In her own words, from shadows to stars, Rosa's journey to Kansas City is a testament to the power of resilience and unwavering determination. We were deeply honored to have had the privilege of hearing WEN grad Rosa Fregosa's remarkable story at the 2024 WEN Annual Luncheon - It's My Time. Her journey exemplifies the indomitable spirit of perseverance, courage, and the relentless pursuit of dreams despite adversities. Rosa's inspiring narrative serves as a beacon of hope, reminding us all that with unwavering determination, even the darkest shadows can give way to the brightest stars. We invite you to read her story below and get inspired.

Hello, my name is Rosa Fregoso, and I feel very honored to have been offered the opportunity to be here to tell you what WEN means to me. For this, I will take you back in time and tell you about how I found them.

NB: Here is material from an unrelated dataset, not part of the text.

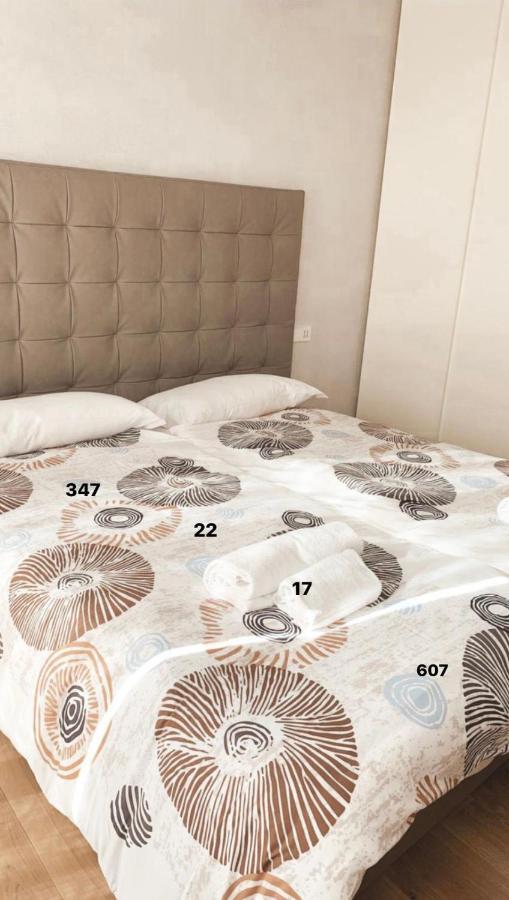 Azapartments *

I moved to Kansas City, MO, six years ago, arriving on June 28, 2018. Before moving, I lived in Miami, FL, with my three kids. I was married for a long time to their dad, and while living with him, I was trying to get out of a very abusive marriage. I was married for 17 years. I am Mexican, and for a long time, I was living in the shadows like so many of us do, with no papers, in an abusive marriage, and being threatened by him to call ICE on me every time I tried to defend myself; he would tell me he would have me deported, and I would never see my kids again.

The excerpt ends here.